London: William Heinemann, 1913. Item #02885
With Forty-Four Mounted Color Plates
Including 'Cupid's Alley'
RACKHAM, Arthur. Arthur Rackham's Book of Pictures. With an Introduction by Sir Arthur Quiller-Couch. London: William Heinemann. n.d. .
Edition de Luxe. Limited to 1,130 numbered copies, signed by the artist (this copy being no. 581). Large quarto (11 1/2 x 9 inches; 292 x 232 mm). 43,  pp. Forty-four color plates (including frontispiece) mounted on tan paper, with descriptive tissue guards, and ten drawings in black and white.
Original pictorial white buckram. Top edge gilt, others uncut. Spine very slightly darkened, still an excellent copy.
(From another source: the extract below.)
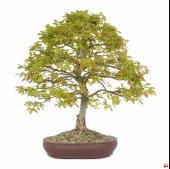 İthal Bodur Meşe Bonsai Ağacı Tohumu Seti Toprak+ Saksı + 3 Adet Tohum - 2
"Arthur Rackham's Book of Pictures brings together a number of drawings unrelated in theme. Most of them, it is true, are drawings of the supernatural, of goblins, elves and fairies, and many are based on actual fairy tales; but there are also delightful straightforward drawings of children at the seaside or in the Broad Walk, Kensington Gardens; there is also the well-known 'Cupid's Alley' [the original of which is in the Tate Gallery], which illustrates verses by Austin Dobson, and there are subject pictures and landscapes of wide variety. It was important that such a book should be drawn together by an introductory essay, and natural for Rackham to invite [J.M.] Barrie to write it. The answer he received was cordial but disappointing: '24 June 1913. Dear Rackham, I wish I could, but I have promised to write two introductions this autumn, and had better not undertake more. Added to which I would be very bad at it as I have no skill in criticism. I am very glad to hear of the book and look forward to it. You have no greater admirer than myself, and few there are more warmly indebted to you. 'Yours very sincerely J.M. Barrie'. Rackham was fortunate in obtaining Sir Arthur Quiller-Couch as a substitute for Barrie. 'Q' not only admired Rackham's work; he also thoroughly understood a child's instinctive longing for the imaginative and fanciful. 'To this instant, constant, intellectual need of childhood no one in our day,' he wrote, 'has ministered so bountifully or so whole-heartedly as Mr. Rackham.' And Quiller-Couch was happy, too, in associating the random, impressionistic nature of much of the Book of Pictures with 'the wayward visions that tease every true artist's mind, while he bends over the day's work'". (Derek Hudson. Arthur Rackham. His Life and Work, pp. 97-98).
Latimore and Haskell, pp. 41-42. Riall, p. 118.